Items from a dataset
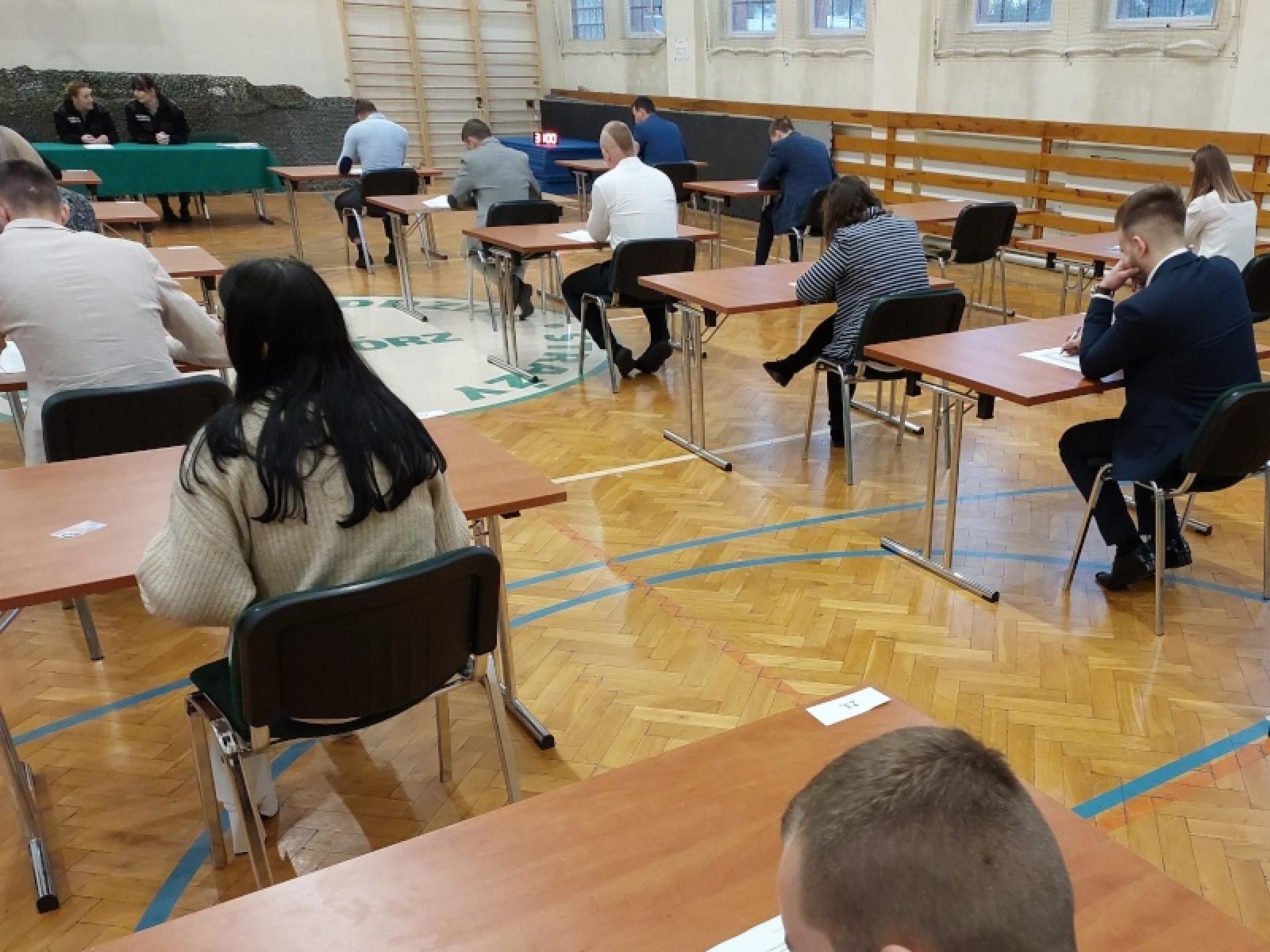 Zdjęcie w galerii na portalu naszraciborz.pl: Chętnych nie brakuje. Test nie był łatwy wiadomości z regionu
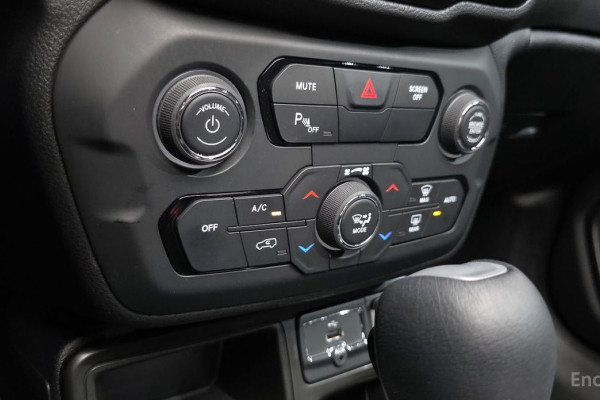 2022 Jeep Renegade с пробегом 15 720 км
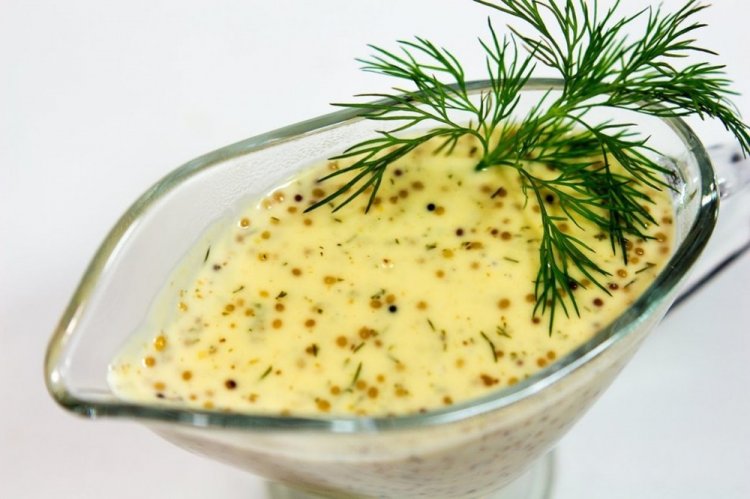 Sour Cream Sauce with Lemon and Mustard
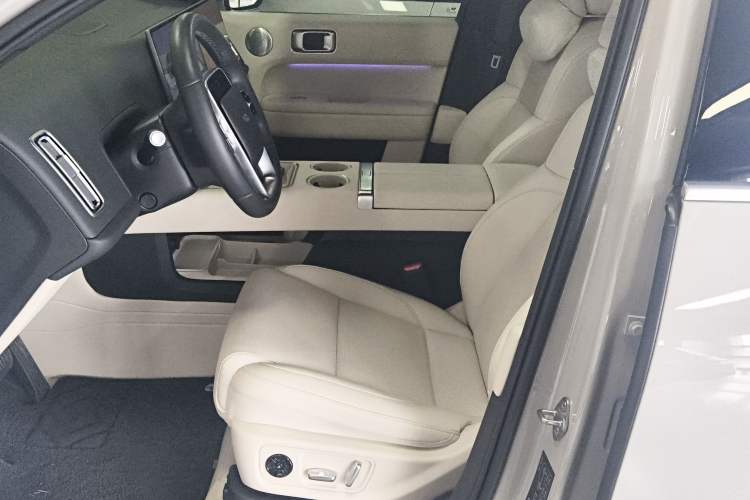 Used Li Auto L6 2025 Pro Smart Refresh Edition Left Front Seat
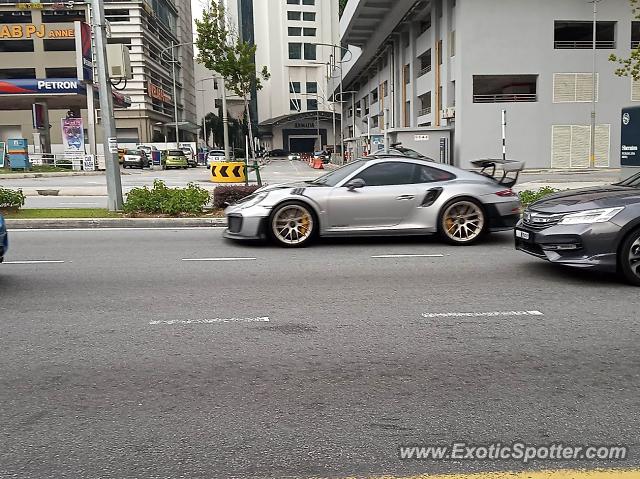 Porsche 911 GT2 spotted in Kuala lumpur, Malaysia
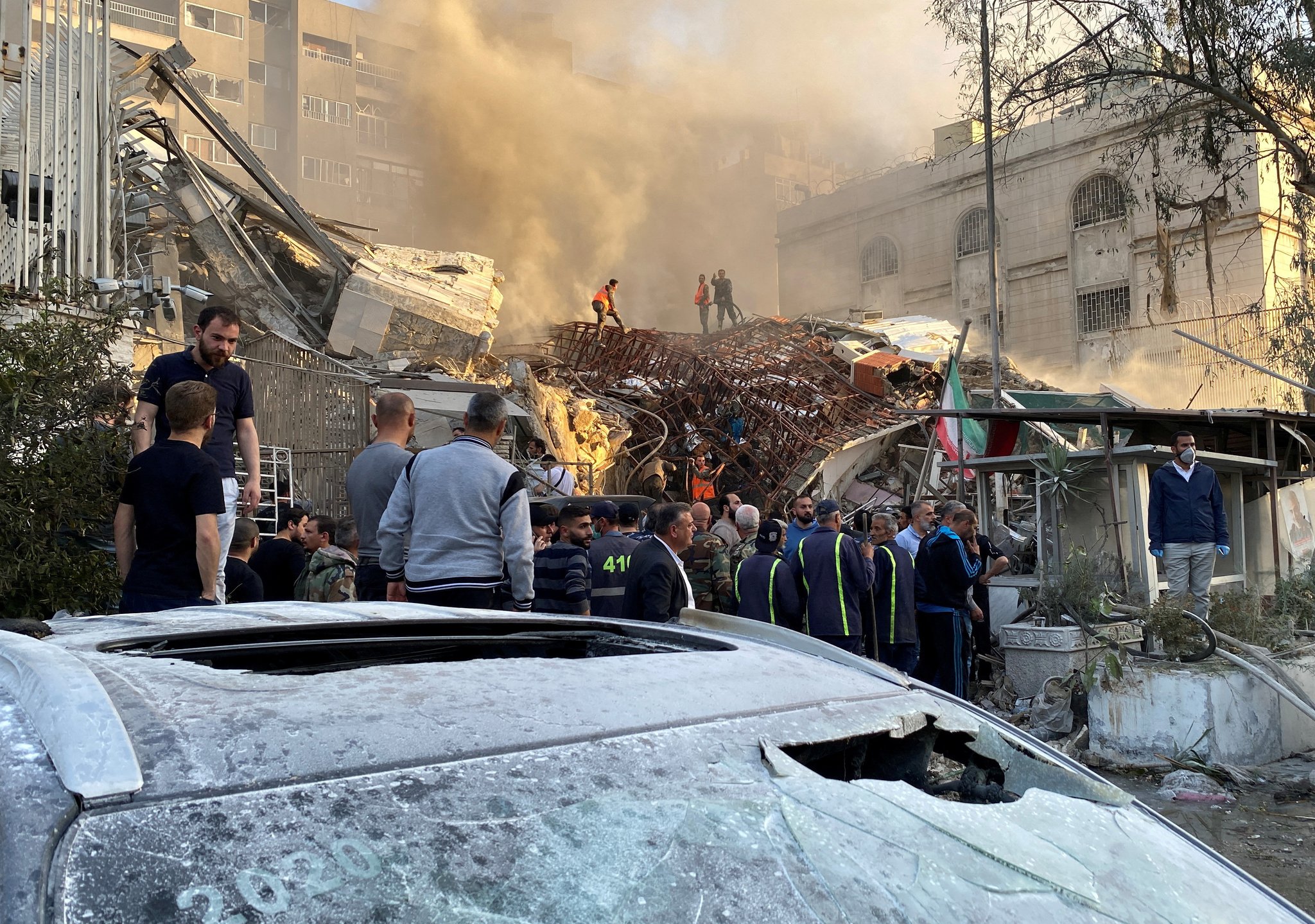 Image in @MarioNawfal's post: 🚨🇮🇷IRAN: ISRAELIS ARE COWARDS
General Yahya Rahim Safavi:
"The military attack on our consulate i…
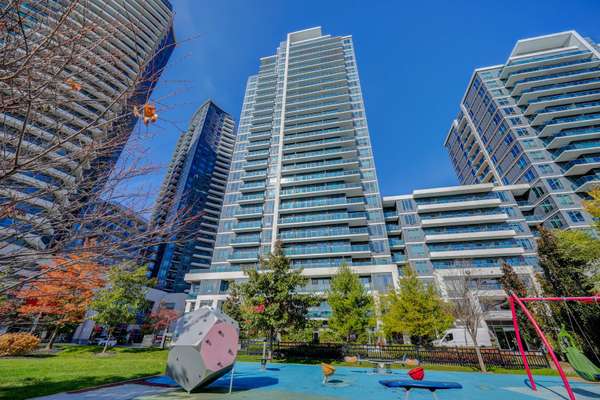 7165 Yonge ST #319, Markham, ON L3T 0C9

• **The problem**
Skip the pictures and reproduce all remaining entries exactly.

• **Exercise result**
 Zdjęcie w galerii na portalu naszraciborz.pl: Chętnych nie brakuje. Test nie był łatwy wiadomości z regionu
 2022 Jeep Renegade с пробегом 15 720 км
 Sour Cream Sauce with Lemon and Mustard
 Used Li Auto L6 2025 Pro Smart Refresh Edition Left Front Seat
 Porsche 911 GT2 spotted in Kuala lumpur, Malaysia
 Image in @MarioNawfal's post: 🚨🇮🇷IRAN: ISRAELIS ARE COWARDS
General Yahya Rahim Safavi:
"The military attack on our consulate i…
 7165 Yonge ST #319, Markham, ON L3T 0C9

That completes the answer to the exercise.